Recorded data:
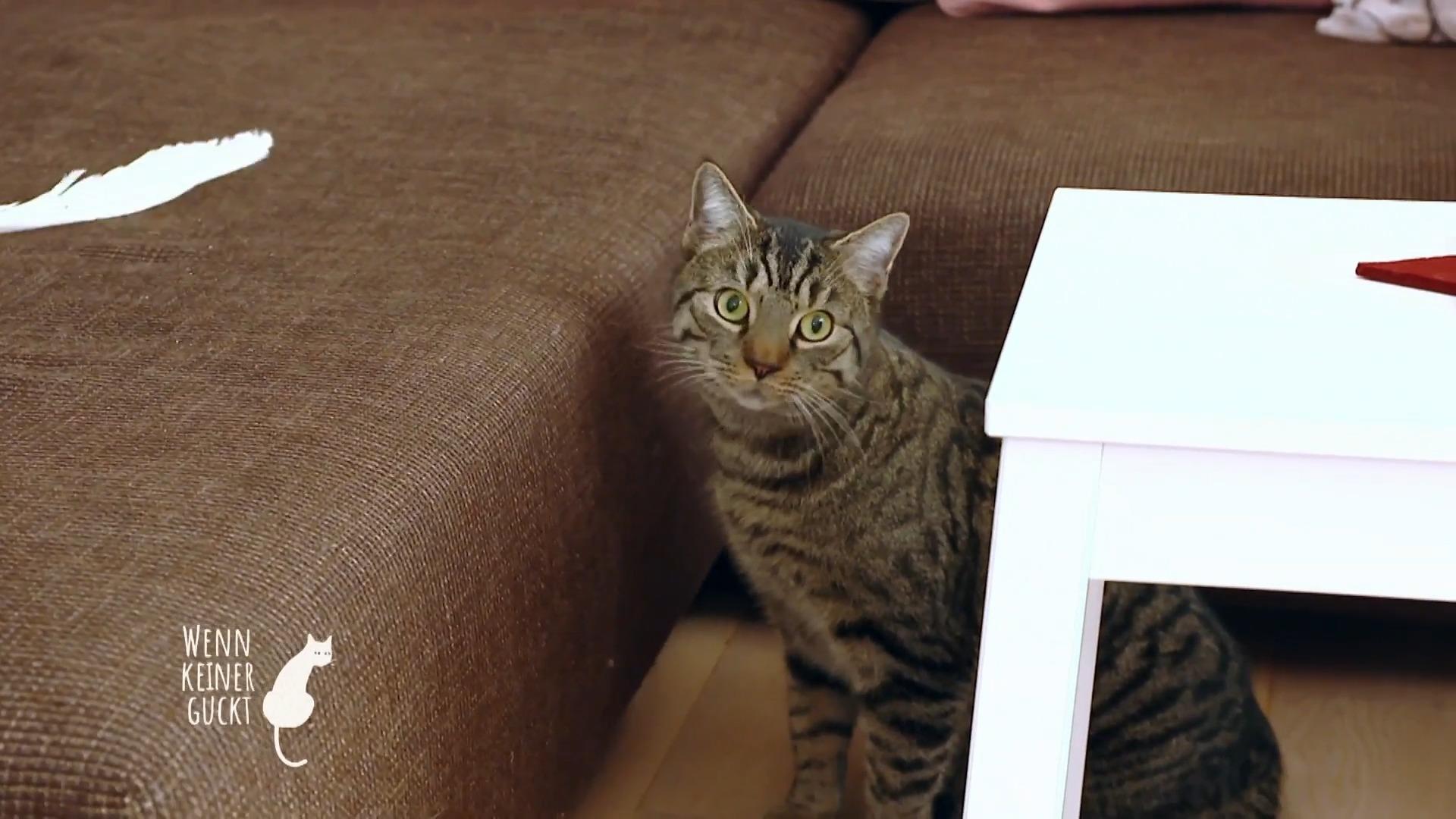 Werden sich Luna und Lupo noch anfreunden?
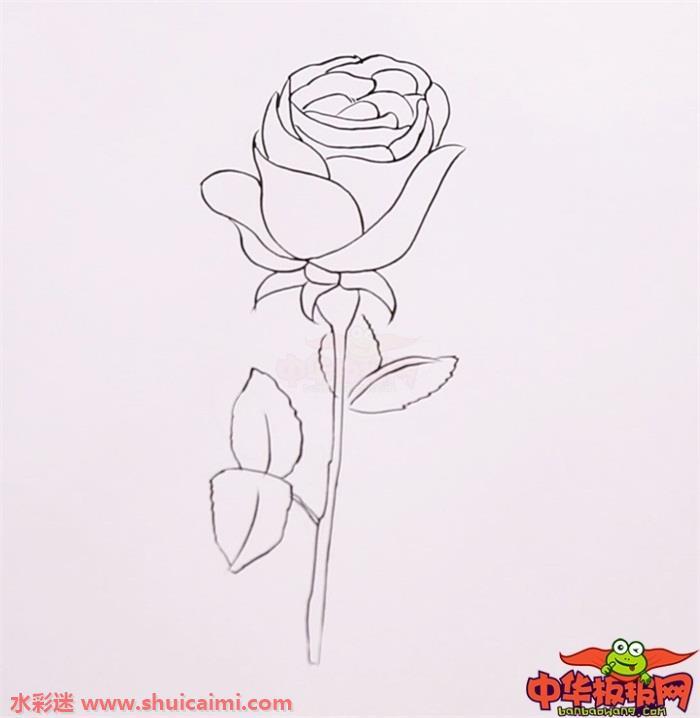 玫瑰花怎么画 玫瑰花简笔画步骤图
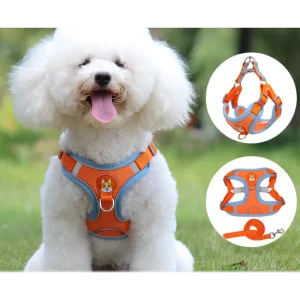 Harnais Anti-traction Respirant Pour Chien Confort Et Contrôle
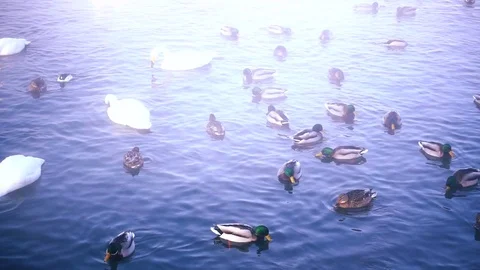 Slow motion flock of wild swans and ducks on lake Stock Footage 72639557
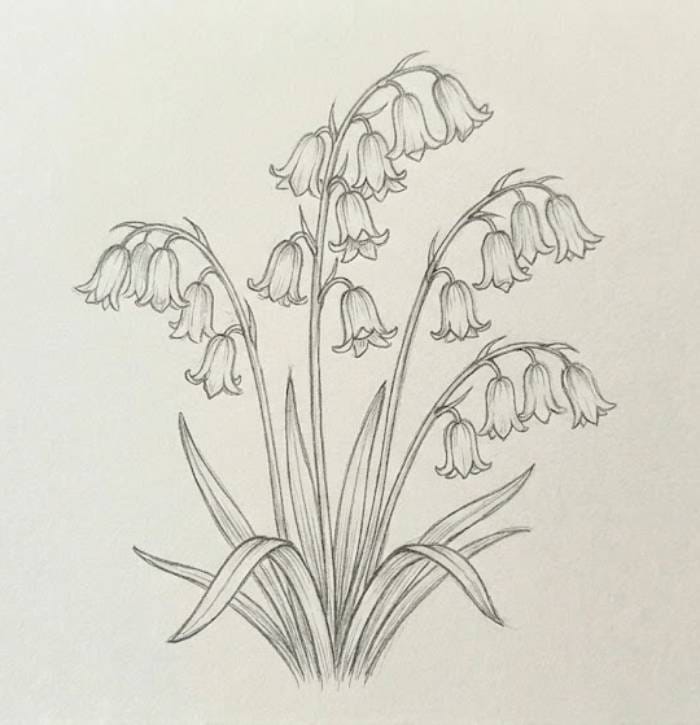 An easy bluebell flower pencil sketch that is perfect for beginners looking to practice simple wildflower drawing ideas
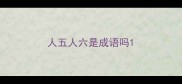 人五人六是成语吗
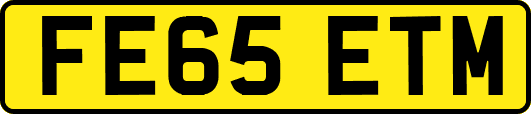 FE65ETM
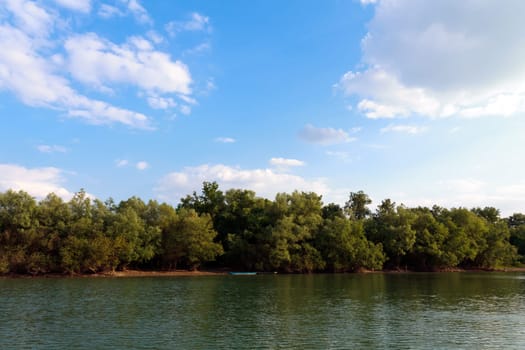river island on the Sava River,Kupinovo,Serbia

Exercise instructions: Print nothing except the lines from the one with "玫瑰花怎么画 玫瑰花简笔画步骤图" through the last line of the listing, exactly as written and with pictures removed.

Output for this task:
 玫瑰花怎么画 玫瑰花简笔画步骤图
 Harnais Anti-traction Respirant Pour Chien Confort Et Contrôle
 Slow motion flock of wild swans and ducks on lake Stock Footage 72639557
 An easy bluebell flower pencil sketch that is perfect for beginners looking to practice simple wildflower drawing ideas
 人五人六是成语吗
 FE65ETM
river island on the Sava River,Kupinovo,Serbia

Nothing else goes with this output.